Les américains disent buck shoes, sans -s. On aurait tendance en français à mettre un -s au pluriel, donnant bucks. Je n’ai pas trouvé de tendance claire sur le sujet, aussi vais-je rester sur la forme US.

Les buck donc, furent très populaire dans les années 30 et 50, en particulier chez les étudiants américains aisés, avec les desert boots, les saddle shoes et les penny loafers. Voici les quatre chaussures permettant de composer une tenue preppy ou Ivy League, du nom de ce groupement de prestigieuses universités américaines.

Le nom buck est directement lié à la matière de la chaussure, le daim, appelé en anglais buckskin. Le daim étant toutefois interdit depuis belle lurette, on utilise à la place du cuir suédé (veau-velours ou cuir-rectifié type nubuck). Et pas de n’importe quelle couleur : blanc! Une matière très salissante et qui explique majoritairement la discrétion actuelle de ce soulier. La tige blanche est classiquement attachée à une semelle de gomme rouge, un peu épaisse. C’est donc une chaussure très reconnaissable.

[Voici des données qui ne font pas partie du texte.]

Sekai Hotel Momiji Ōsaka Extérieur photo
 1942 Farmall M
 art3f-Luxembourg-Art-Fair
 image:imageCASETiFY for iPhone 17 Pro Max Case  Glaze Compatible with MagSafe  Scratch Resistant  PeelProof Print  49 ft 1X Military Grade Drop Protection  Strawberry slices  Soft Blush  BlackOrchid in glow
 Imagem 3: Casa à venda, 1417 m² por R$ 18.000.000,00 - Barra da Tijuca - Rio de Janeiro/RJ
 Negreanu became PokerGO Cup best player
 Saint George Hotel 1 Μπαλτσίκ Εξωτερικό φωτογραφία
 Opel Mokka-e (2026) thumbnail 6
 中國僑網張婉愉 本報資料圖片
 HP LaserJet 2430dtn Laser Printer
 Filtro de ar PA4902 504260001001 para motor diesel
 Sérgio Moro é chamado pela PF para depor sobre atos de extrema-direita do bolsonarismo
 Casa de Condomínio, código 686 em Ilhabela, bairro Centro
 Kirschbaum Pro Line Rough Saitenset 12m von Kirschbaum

Il peut arriver que la suède soit colorée et non blanche. En 1956, Elvis Presley porte des modèles bleus sur la pochette de son album « blue suede shoes » contenant une chanson du même nom.  Au fait de sa gloire, le buck faisait « clean-cut, presentable and youthful » disent les anglo-saxons, soit propre, présentable et jeune. Il est vrai qu’il donne un air bien fini à une tenue.

~ + ~

J’avais acheté deux paires de buck il y a longtemps chez 7ème Largeur, à l’époque où c’était encore le haut de gamme de Markowski. Mais la lourdeur et la rigidité des modèles ne m’avaient que très peu convaincu. Elles sont vite allées au rebus. Sacré perte d’argent. Mais à la faveur de mon article sur Brooks Brothers, j’ai eu envie d’aller chez LE spécialiste du genre, en plus disponible à Paris : Fairmount. Il y a une boutique rue du Bac où je fus très bien reçu. J’ai donc acheté pour 165€, soit une somme plutôt raisonnable pour un soulier d’homme, une paire en blanc. Même si je vois maintenant qu’ils sont à 99€ en solde…! Arghhh!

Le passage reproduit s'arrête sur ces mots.